==== Provided data

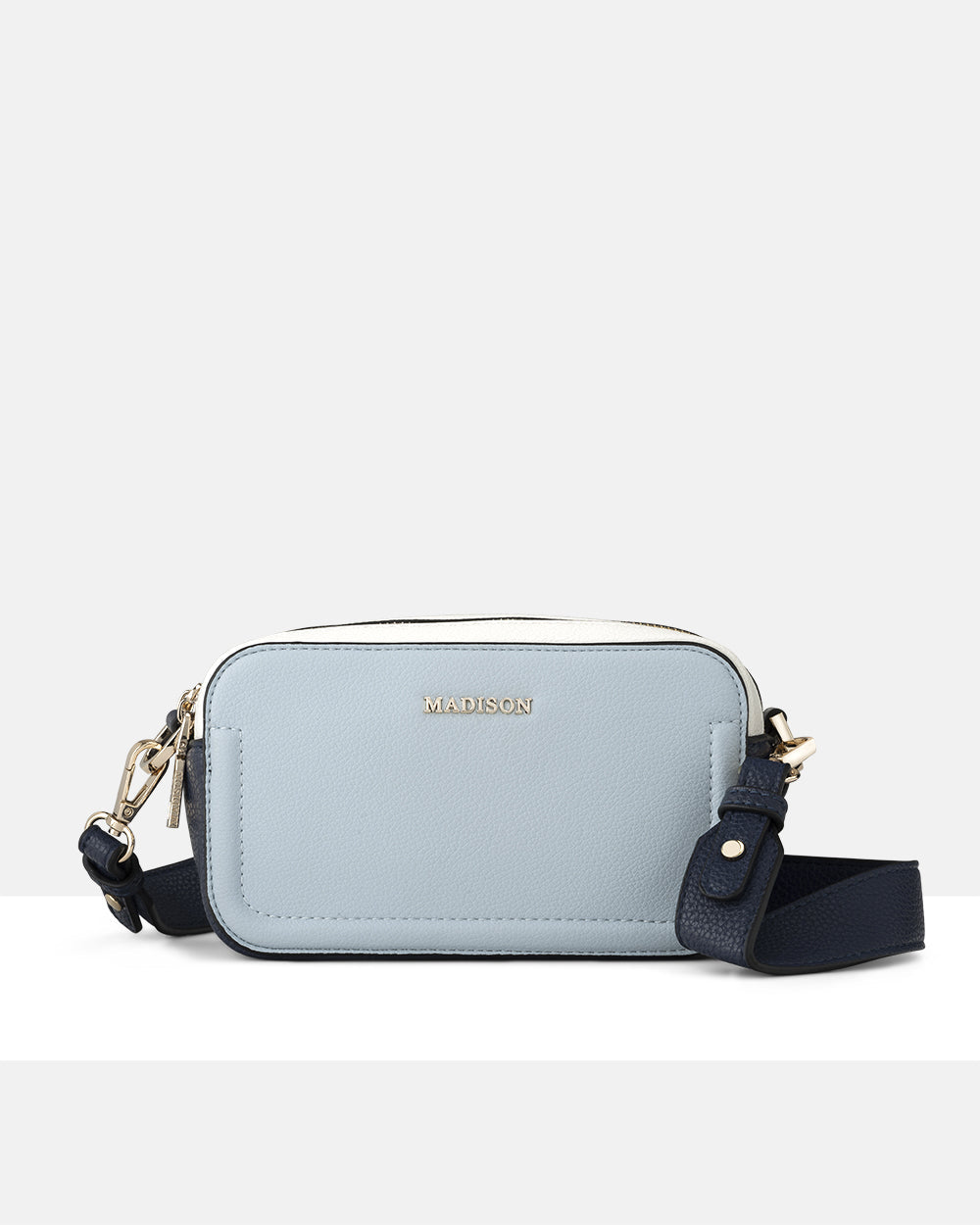 Maddie Double Zip Camera Crossbody Bag With Wide Strap-PEROZ Accessories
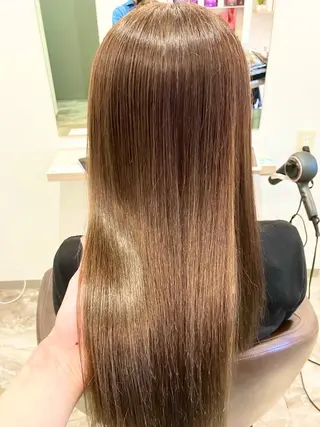 セミロング カラー パーマ ブリーチ&ストレート 長谷川勇人のヘアスタイル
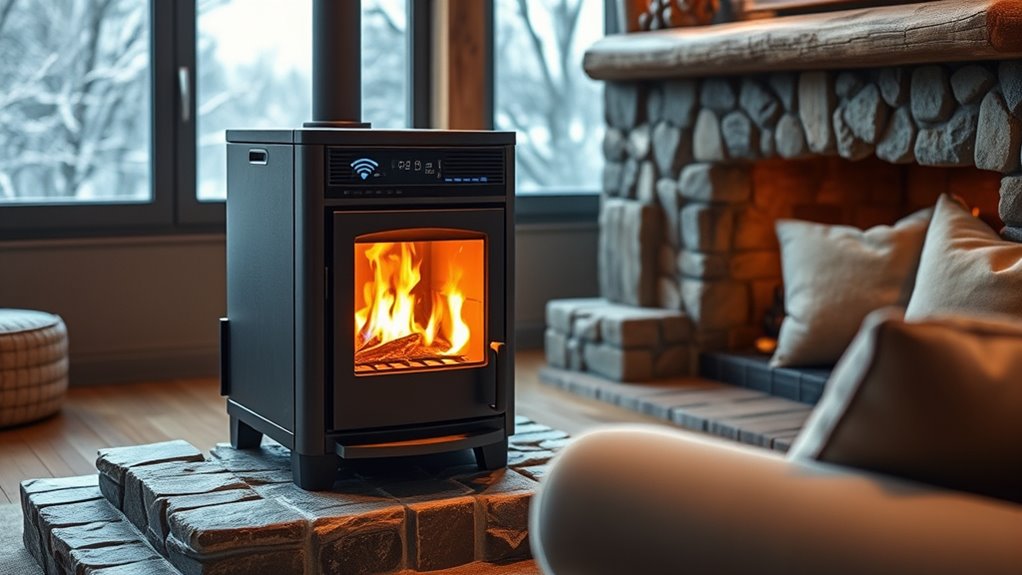 smart pellet stove controls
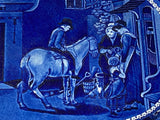 Historical Staffordshire Blue Platter Wilkie Series  Errand Boy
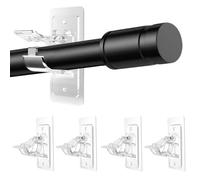 YUZHEDM 4 Pièces Support Tringle Rideaux sans Percage Attache Rideau sans Percage Supports pour Tringles à Rideaux Fixation Autocollante Dimensions 11 x 5 x 6,8 cm Convient(Transparent)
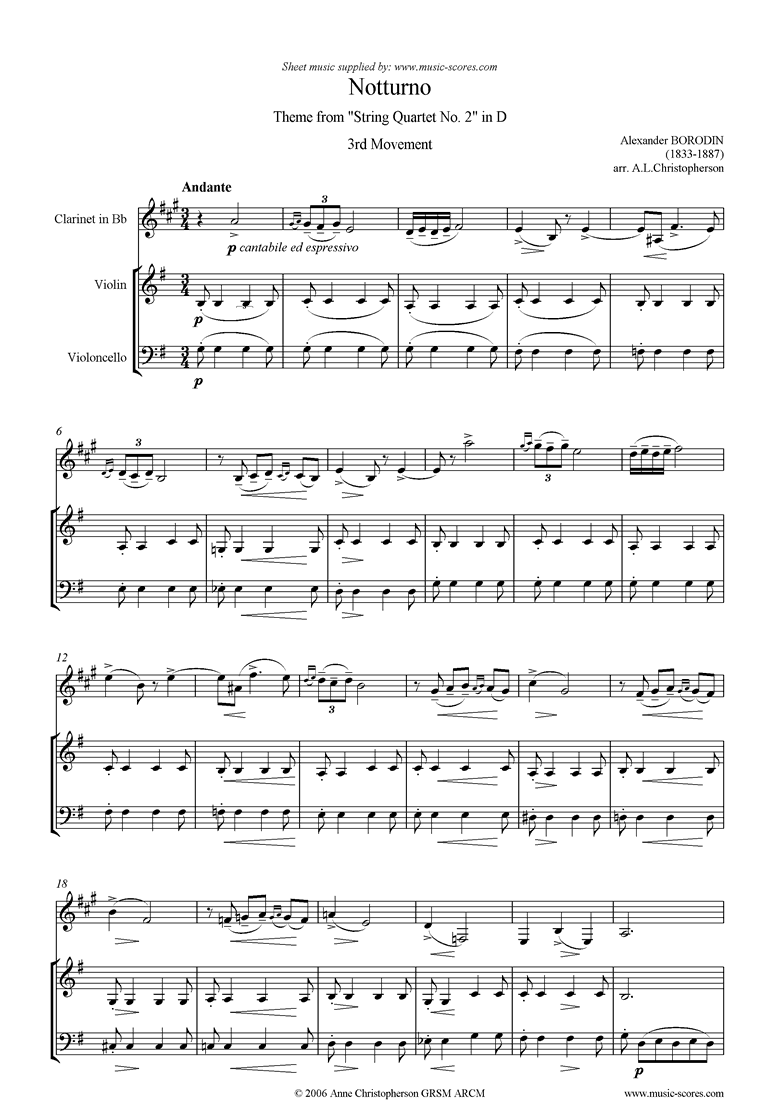 Front page of Notturno: from String Quartet no. 2, 3rd Movement sheet music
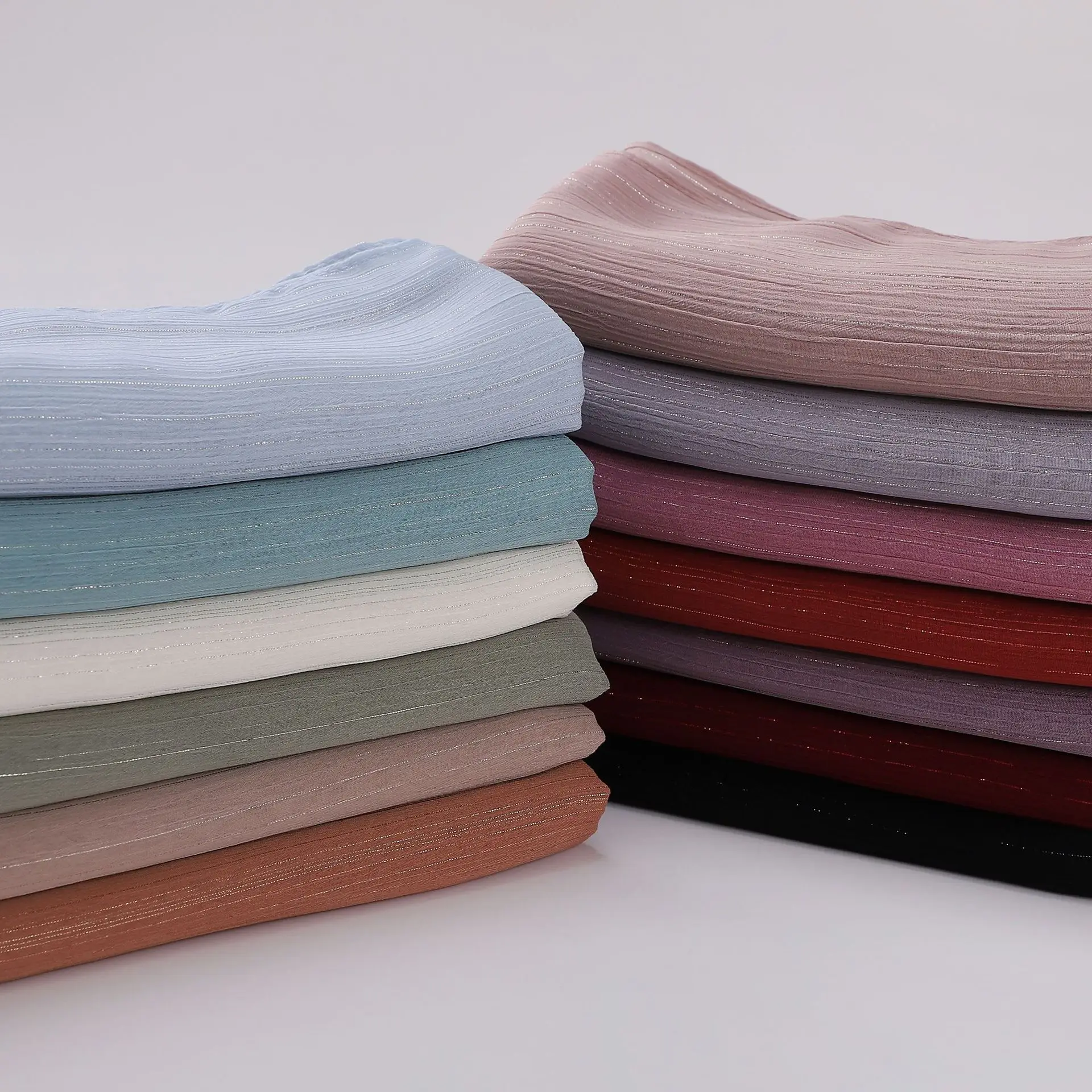 Écharpe brillante en mousseline de soie pour femme, hijab plissé et froissé, long châle islamique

========

• [Action item] Each record has to be set down verbatim, and the pictures must not appear in the copy.

• [Solution to this task]
 Maddie Double Zip Camera Crossbody Bag With Wide Strap-PEROZ Accessories
 セミロング カラー パーマ ブリーチ&ストレート 長谷川勇人のヘアスタイル
 smart pellet stove controls
 Historical Staffordshire Blue Platter Wilkie Series  Errand Boy
 YUZHEDM 4 Pièces Support Tringle Rideaux sans Percage Attache Rideau sans Percage Supports pour Tringles à Rideaux Fixation Autocollante Dimensions 11 x 5 x 6,8 cm Convient(Transparent)
 Front page of Notturno: from String Quartet no. 2, 3rd Movement sheet music
 Écharpe brillante en mousseline de soie pour femme, hijab plissé et froissé, long châle islamique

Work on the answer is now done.